As festas folclóricas brasileiras agrupam-se em torno de quatro datas principais: Natal, comemorado de maneira mais ou menos igual em todo o país, sobretudo com a progressiva extinção dos folguedos populares natalinos, como a lapinha, o pastoril e a barca; carnaval, com manifestações próprias no Rio de Janeiro (escolas de samba e bandas), Bahia (frevo, trio elétrico e blocos de afoxé) e Pernambuco (frevo e maracatu). O restante do país ora segue a moda carioca dos desfiles de escolas de samba, ora assemelha-se ao carnaval baiano e pernambucano; São João, comemorado sobretudo no Nordeste, com a realização de quadrilhas, fogueiras e a tradicional cozinha típica, com base no milho: canjica, pamonha e milho assado; e o Divino Espírito Santo, festa mais restrita à área de Minas Gerais e Goiás, de natureza religioso-profana.

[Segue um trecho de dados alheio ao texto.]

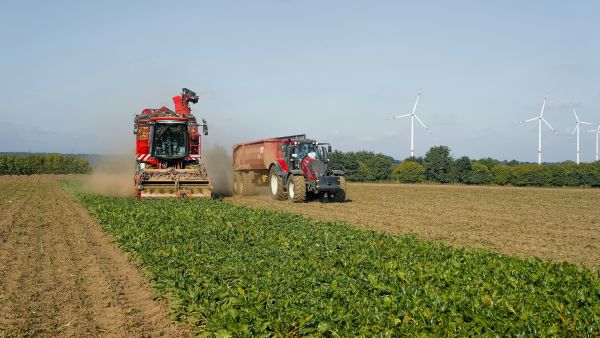 Les enjeux actuels de l'agroindustrie à considérer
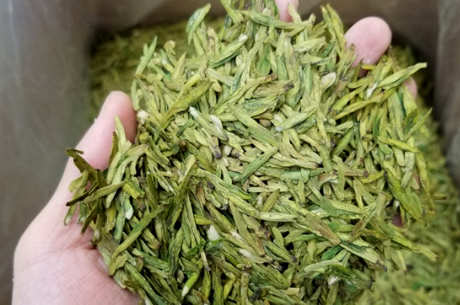 龙井茶是黄还是绿？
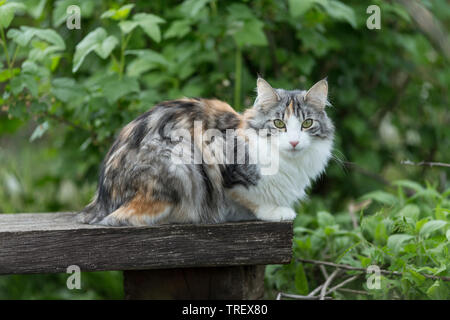 Norwegian Forest Cat. Adult in a garden, lying on a board. Germany Stock Photo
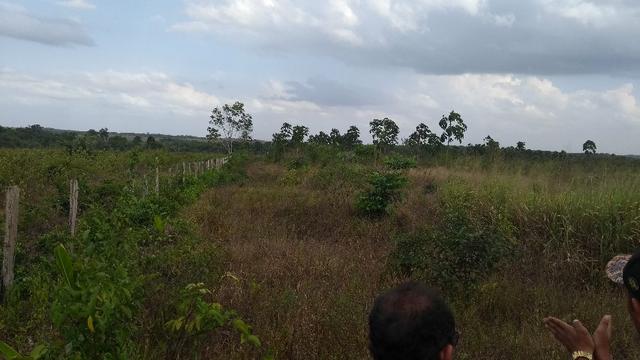 50 hectares a 25 km de castanhal por 250 mil zap * - Foto 17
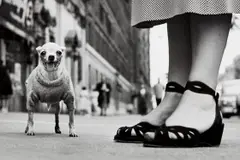 New York City by Elliott Erwitt, 1946, Gelatin silver print, printed later, offered Mar 2022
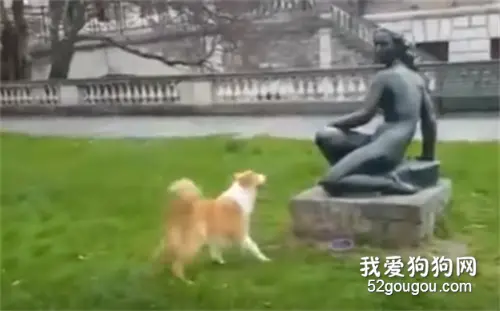 聪明的狗狗，都是这么给自己找乐子的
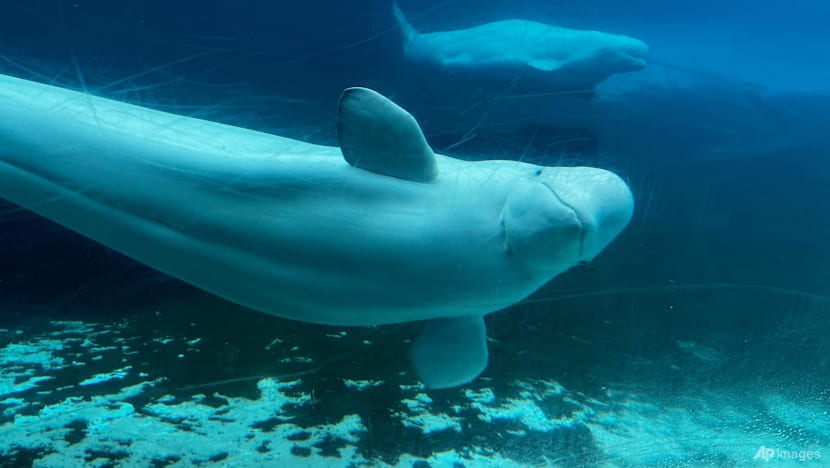 Canada denies Marineland's request to export its remaining beluga whales to China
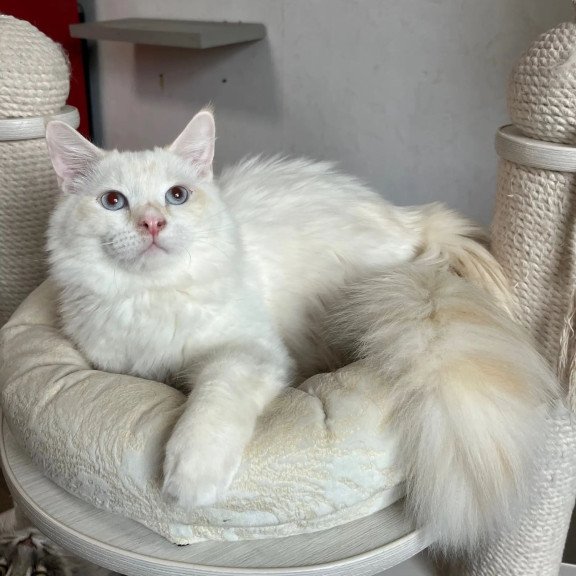 Siberian REZ Altair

De todas as modalidades esportivas praticadas tradicionalmente pelo povo brasileiro, nenhuma alcançou a unanimidade do futebol. Desde as "peladas" nas praias ou em qualquer terreno mais ou menos plano e espaçoso, até os campeonatos e as partidas clássicas disputadas em grandes estádios, o futebol congrega milhares de equipes e seleções e milhões de torcedores, em torcidas organizadas ou espontâneas. As principais equipes de futebol brasileiro, sobretudo os cariocas e paulistas, contam com torcidas nacionais, como o Flamengo, Botafogo, Vasco e Fluminense, no Rio de Janeiro; São Paulo, Santos, Palmeiras e Corinthians, em São Paulo.
A rigor não existe uma, mas várias cozinhas brasileiras, tal a diversidade de pratos, sabores e ingredientes. Talvez a cozinha mais tipicamente brasileira seja a baiana, com seus pratos de origem africana, como o vatapá, acarajé, bobó, abará etc., sempre com a presença do molho de dendê. A cozinha do Nordeste abriga desde os vários pratos de peixe do litoral, dos quais o mais famoso é a moqueca, até a carne de sol com feijão verde e manteiga de garrafa, do sertão. No extremo Norte predominam iguarias como os "bichos de casco" (tartaruga, muçuã, tracajá), os peixes (pirarucu, tucunaré, dourado) e os doces de açaí, buriti e cupuaçu. No Centro-Oeste, há a cozinha mineira, com o leitão a pururuca e o tutu; e a goiana, com o empadão goiano e a galinhada, em que entra o sabor especial do pequi. No Sul, o prato típico é o churrasco de carne bovina, muitas vezes acompanhado do chimarrão.